Broadening the ownership of technological assets

Several solutions have been proposed which don't fall easily into the traditional left-right political spectrum. This includes broadening the ownership of robots and other productive capital assets. Enlarging the ownership of technologies has been advocated by people including James S. Albus John Lanchester, Richard B. Freeman, and Noah Smith. Jaron Lanier has proposed a somewhat similar solution: a mechanism where ordinary people receive "nano payments" for the big data they generate by their regular surfing and other aspects of their online presence.

Structural changes towards a post-scarcity economy

The Zeitgeist Movement (TZM), The Venus Project (TVP) as well as various individuals and organizations propose structural changes towards a form of a post-scarcity economy in which people are 'freed' from their automatable, monotonous jobs, instead of 'losing' their jobs.

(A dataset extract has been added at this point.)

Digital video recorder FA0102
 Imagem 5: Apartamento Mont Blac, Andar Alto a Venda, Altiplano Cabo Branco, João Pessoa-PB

In the system proposed by TZM all jobs are either automated, abolished for bringing no true value for society (such as ordinary advertising), rationalized by more efficient, sustainable and open processes and collaboration or carried out based on altruism and social relevance (see also: Whuffie), opposed to compulsion or monetary gain. The movement also speculates that the free time made available to people will permit a renaissance of creativity, invention, community and social capital as well as reducing stress.

Other approaches

The threat of technological unemployment has occasionally been used by free market economists as a justification for supply side reforms, to make it easier for employers to hire and fire workers. Conversely, it has also been used as a reason to justify an increase in employee protection.

Economists including Larry Summers have advised a package of measures may be needed. He advised vigorous cooperative efforts to address the "myriad devices" – such as tax havens, bank secrecy, money laundering, and regulatory arbitrage – which enable the holders of great wealth to avoid paying taxes, and to make it more difficult to accumulate great fortunes without requiring "great social contributions" in return. Summers suggested more vigorous enforcement of anti-monopoly laws; reductions in "excessive" protection for intellectual property; greater encouragement of profit-sharing schemes that may benefit workers and give them a stake in wealth accumulation; strengthening of collective bargaining arrangements; improvements in corporate governance; strengthening of financial regulation to eliminate subsidies to financial activity; easing of land-use restrictions that may cause estates to keep rising in value; better training for young people and retraining for displaced workers; and increased public and private investment in infrastructure development, such as energy production and transportation.

Michael Spence has advised that responding to the future impact of technology will require a detailed understanding of the global forces and flows technology has set in motion. Adapting to them "will require shifts in mindsets, policies, investments (especially in human capital), and quite possibly models of employment and distribution".